The most important interventions to combat the spread of this epidemic are those that encourage personal responsibility for sexual health, reduce stigma and encourage testing, linkage and retention in care. Criminalization laws do none of these things; they embrace blame and corrupt the physician-patient relationship, which I believe is a powerful tool to improve individual and public health outcomes.

A new report — “A Roadmap for Change: Federal Policy Recommendations for Addressing the Criminalization of LGBT People and People Living with HIV” — may get policymakers thinking about the consequences of this kind of over-criminalization. The report, published by Columbia University’s Center for Gender and Sexuality Law, recommends practical steps government agencies can take to dispel myths about HIV, remove barriers to testing and treatment, and help modernize current laws and practices that criminalize HIV exposure and transmission.

Medical science has made tremendous strides in the treatment of HIV. Public health policy and criminal law need to keep pace.

Wendy Armstrong is an infectious disease physician and associate professor of medicine at Emory University.

Get tested, again and again

By Patrick Sullivan

This week, the White House held a meeting focused on the HIV crisis in the South. In the fourth decade of the U.S. HIV epidemic, nearly half of new HIV diagnoses occur in this region. Many of the factors that perpetuate the Southern HIV epidemic — stigma, poor access to health care, and lack of recognition of risk — are complicated, and opinions about how to tackle them are varied. But there is one strategy that almost all agree on: scaling up HIV testing.

Today, nearly 200,000 Americans are living with HIV infection and don’t know it. One of every six Americans living with HIV is not aware that he or she is infected; that person is not receiving antiretroviral treatment that can control the infection, improve survival and decrease transmission to others. This is why next week’s National HIV Testing Week is so important: to raise awareness and send the message, “Talk HIV. Test HIV. Treat HIV.”

While HIV is a global problem, in Georgia, it is also a local problem. The state ranks fifth in the nation in the number of new HIV diagnoses. Nearly a third of Georgians diagnosed with HIV through 2012 were diagnosed so late that they had developed Stage 3 disease (AIDS) at diagnosis or within a year. CDC recommends everyone ages 13 to 64 be routinely screened for HIV; those at high risk should be tested at least once a year. Despite this, routine screening is not the norm.

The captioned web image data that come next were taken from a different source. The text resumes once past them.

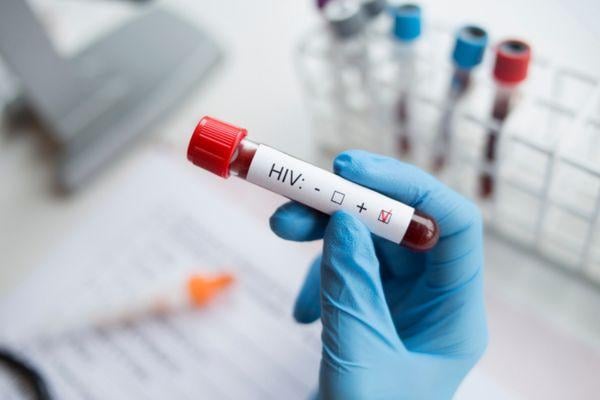 tanda hiv pada kulit
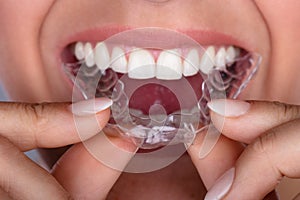 Woman Putting Transparent Aligner In Teeth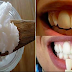 Remove Tartar and Plaque Permanently Using A Very Cheap Ingredient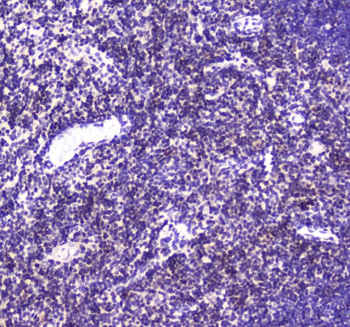 Anti-CBFb Antibody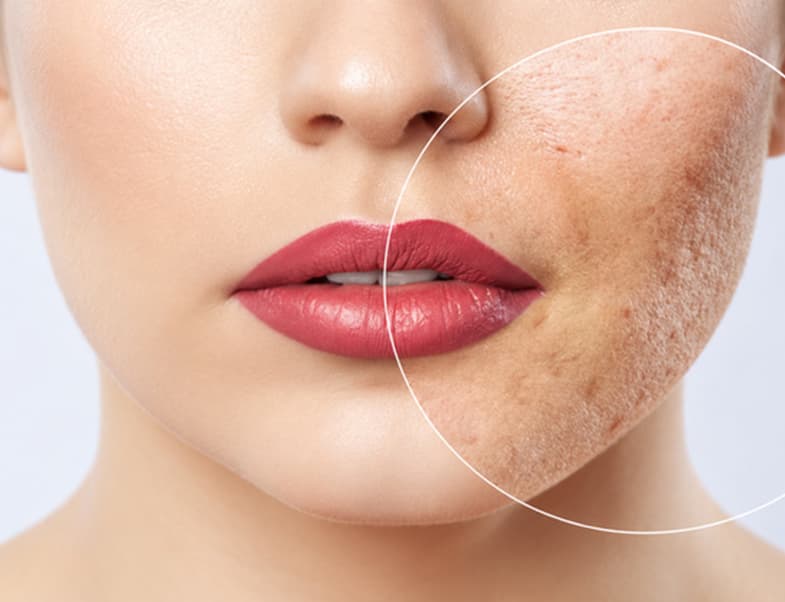 Skin111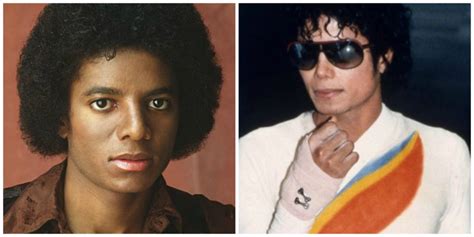 Did Michael Jackson Have A Skin Disease - vrogue.co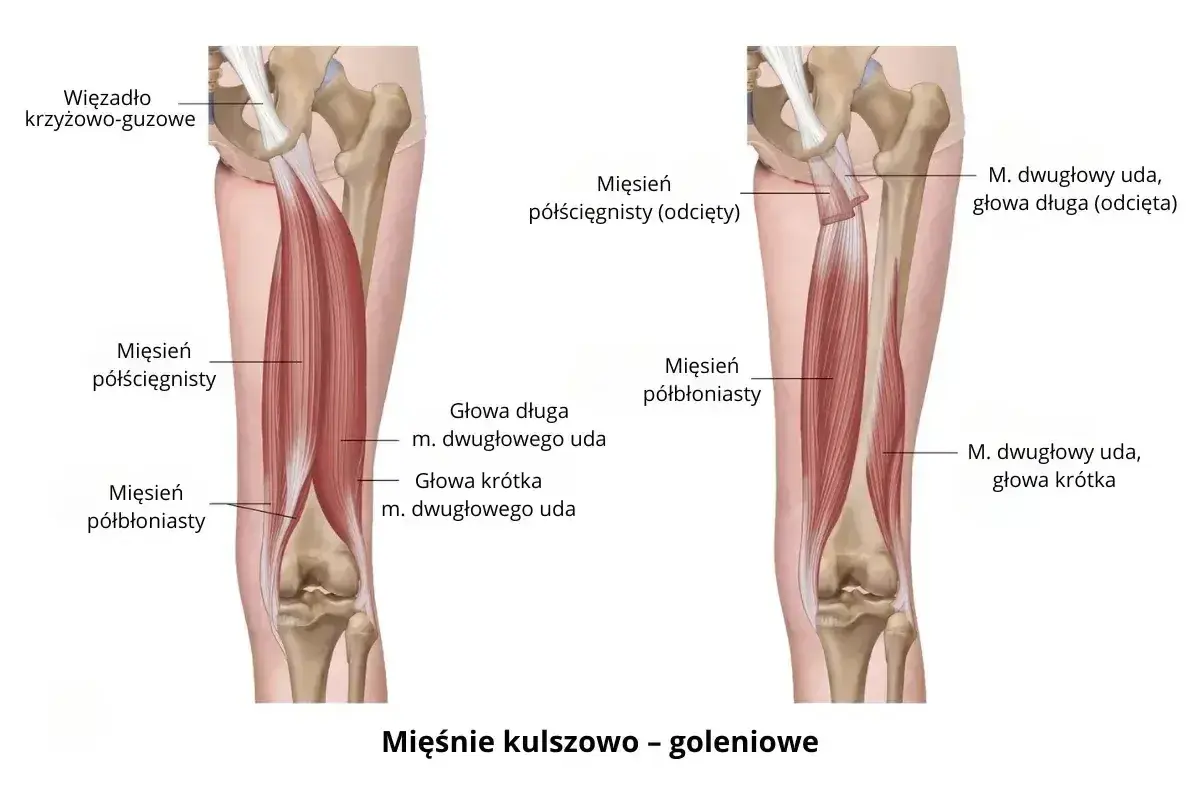 Anatomia mięśni kulszowo-goleniowych. Ilustracja pokazuje mięsień dwugłowy uda, jego głowy długą i krótką. Zapalenie mięśnia czworogłowego uda objawy mogą być podobne.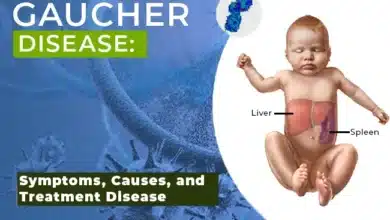 Gaucher Disease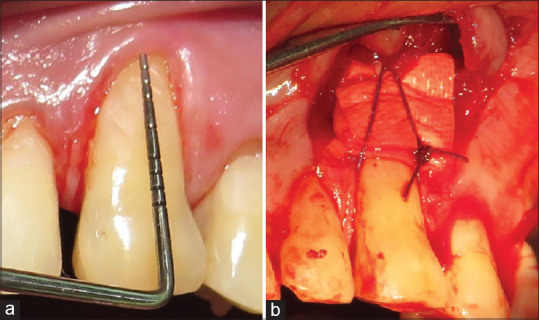 Three-Dimensional Collagen Membranes Challenging the Gold Standard in Gingival Recession.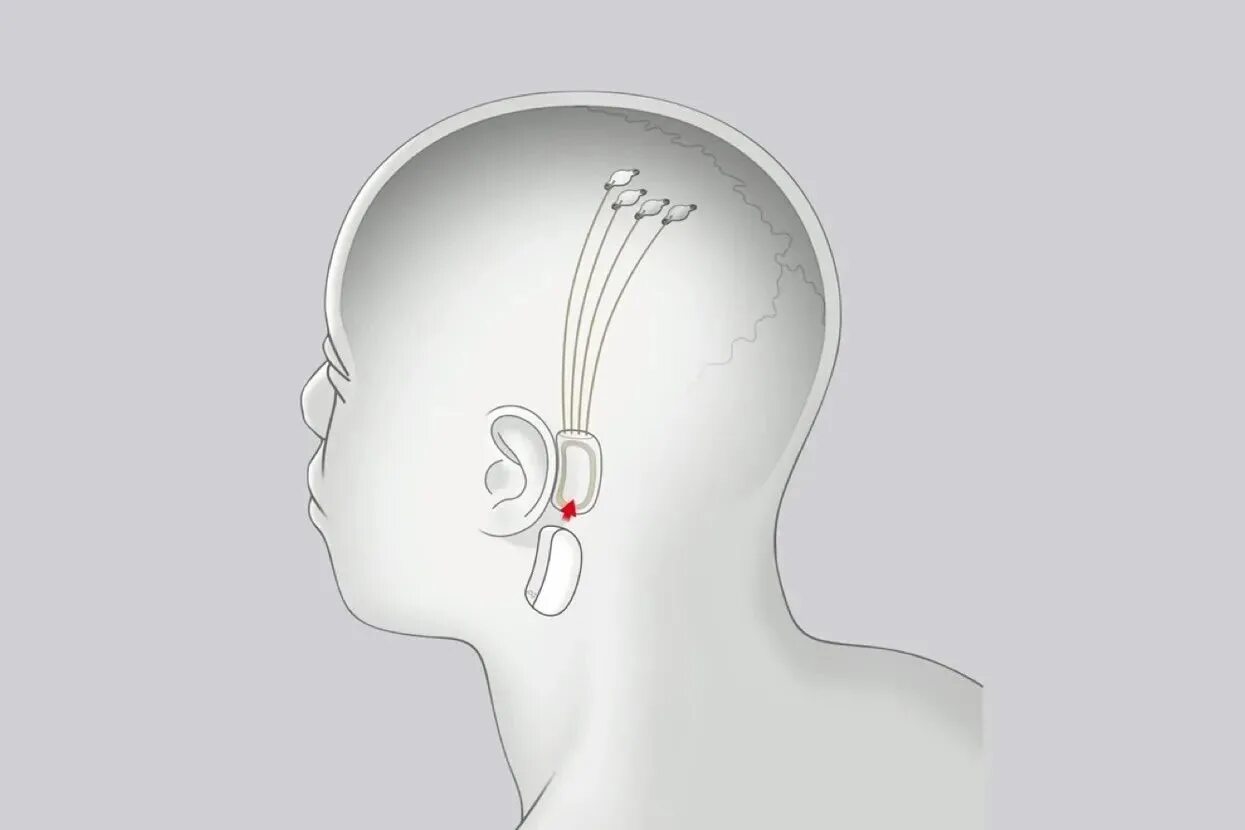 Илон маск имплант. Neuralink чип. Neuralink - чипы маска.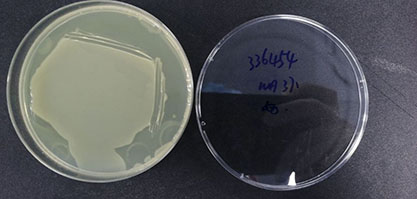 Escherichia coli-BNCC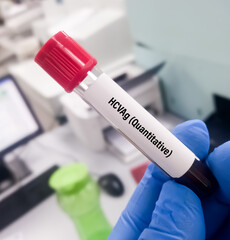 Technologist holding blood sample for Hepatitis C virus (HCV) antigen testing, anti-hcv.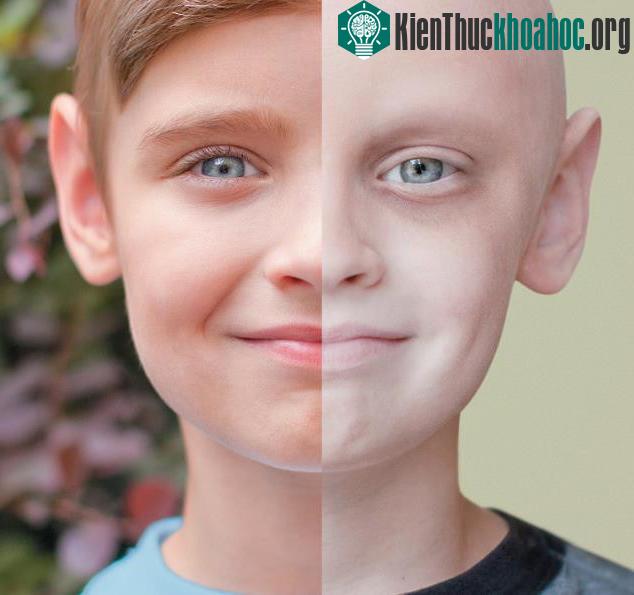 Nam giới không cảnh giác với những triệu chứng của ung thư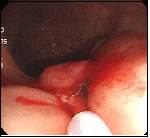 大腸がん（SM深部浸潤がん）右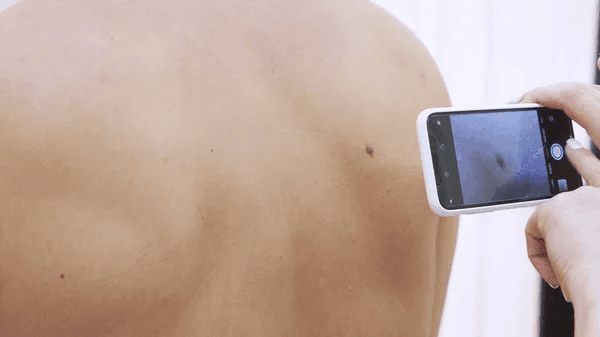 Choosing the Right Dermatologist On the Way to Healthy Skin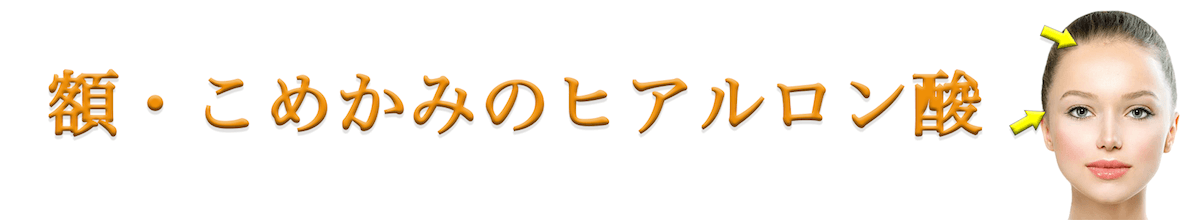 おでこ・こめかみのヒアルロン酸バナー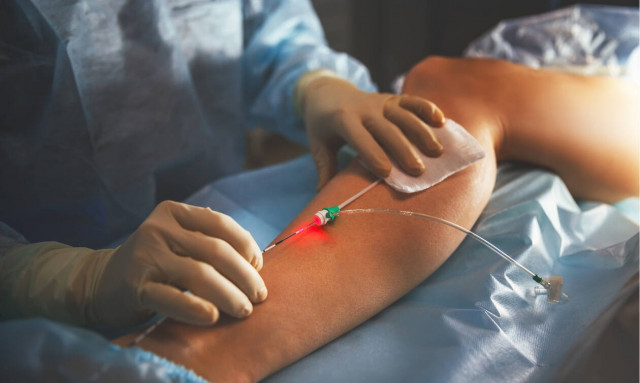 Κιρσοί: Μην βάζετε φρένο στη ζωή σας, θεραπεύστε τους οριστικά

AIDSVu.org is a partnership of Emory University and Gilead Sciences Inc. that can help people understand the HIV epidemic where they live. On AIDSVu, interactive maps detail HIV data by county in Georgia, and by ZIP code in the Atlanta metropolitan area. A look at the latest data, to be released June 27 at http://www.AIDSVU.org, will illustrate why we should make routine HIV testing a reality in the state. In Georgia, HIV is all too common and touches us all — urban and rural, rich and poor, black and white.

Getting an HIV test as the CDC recommends is easier than ever. Because of the Affordable Care Act and a new, strong recommendation for HIV screening from the U.S. Preventive Services Task Force, routine HIV testing is a covered preventive service; patients in a qualified health plan can receive tests at no charge. Those newly covered under expanded Medicaid, in the 27 states implementing expansion, can also receive HIV screening at no cost. Many state Medicaid programs already cover routine HIV screening.

One day, we will end the stigma that perpetuates HIV. One day, we will find a cure. Today, you can take an important step to protect your health and slow the spread of HIV by being tested for it. Ask your doctor, or find a testing location near you at http://www.aidsvu.org/testing.

Dr. Patrick Sullivan is a professor of epidemiology at the Rollins School of Public Health at Emory University, and the lead researcher for AIDSVu.